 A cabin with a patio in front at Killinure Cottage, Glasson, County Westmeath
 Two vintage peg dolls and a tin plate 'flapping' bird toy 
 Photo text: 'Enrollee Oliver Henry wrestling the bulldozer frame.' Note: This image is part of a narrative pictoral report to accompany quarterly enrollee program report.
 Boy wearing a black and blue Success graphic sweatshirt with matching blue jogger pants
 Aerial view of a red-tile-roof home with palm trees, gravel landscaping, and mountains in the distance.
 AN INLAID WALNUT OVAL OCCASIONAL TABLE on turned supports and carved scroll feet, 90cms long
__________________________________________________
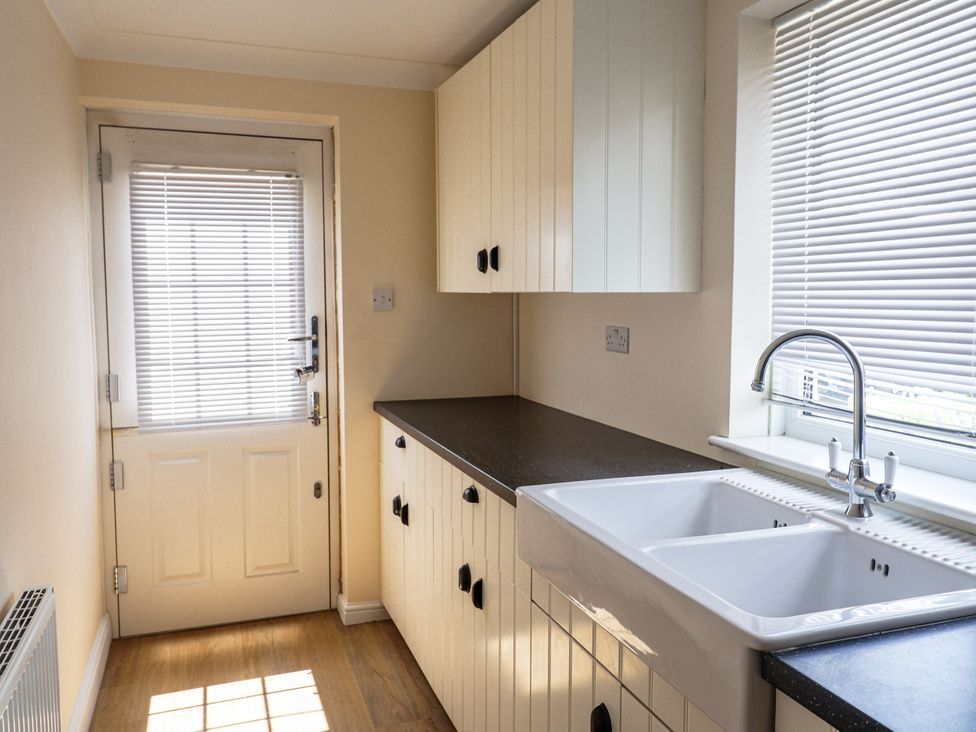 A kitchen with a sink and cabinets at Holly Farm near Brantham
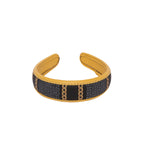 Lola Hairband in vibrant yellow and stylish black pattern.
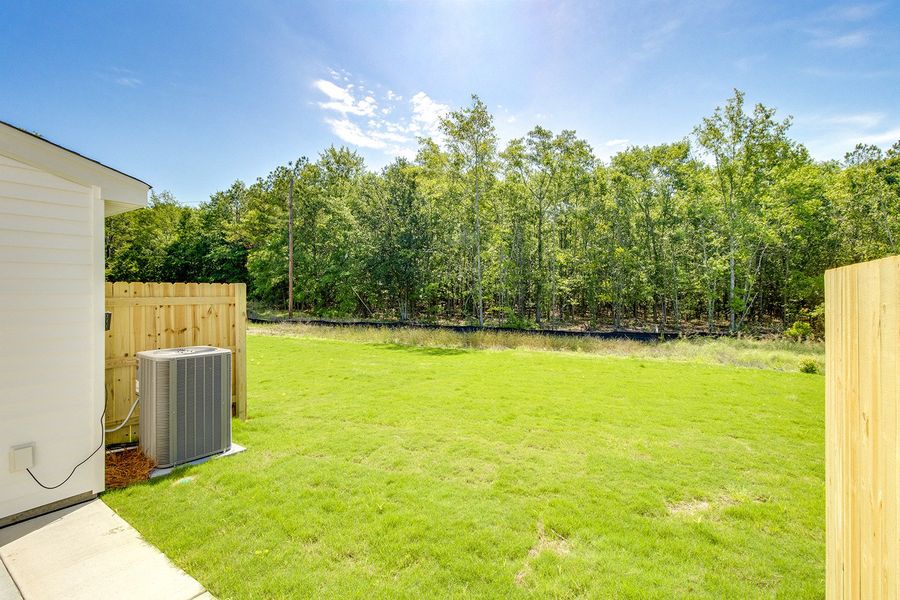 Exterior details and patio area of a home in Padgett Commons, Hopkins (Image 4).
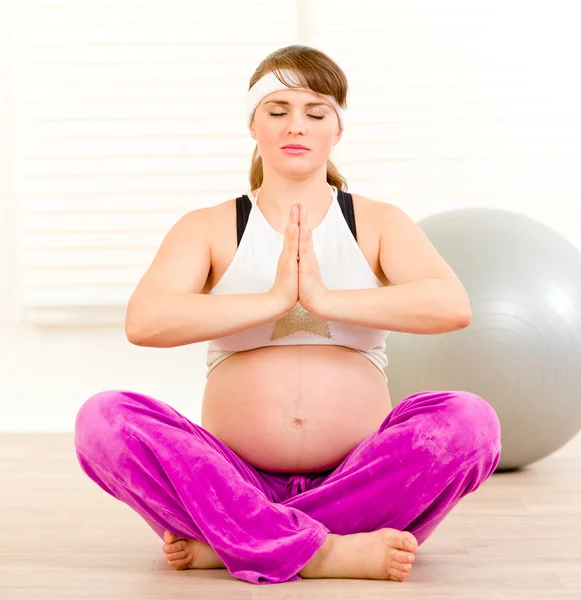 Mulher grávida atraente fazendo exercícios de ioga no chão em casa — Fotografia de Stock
__________________________________________________
** THE PROBLEM **
Above are records; repeat only the lines starting at the line with "A cabin with" and ending at the line with "Boy wearing a", exactly as they appear, both included.

** SOLUTION TO THIS EXERCISE **
 A cabin with a patio in front at Killinure Cottage, Glasson, County Westmeath
 Two vintage peg dolls and a tin plate 'flapping' bird toy 
 Photo text: 'Enrollee Oliver Henry wrestling the bulldozer frame.' Note: This image is part of a narrative pictoral report to accompany quarterly enrollee program report.
 Boy wearing a black and blue Success graphic sweatshirt with matching blue jogger pants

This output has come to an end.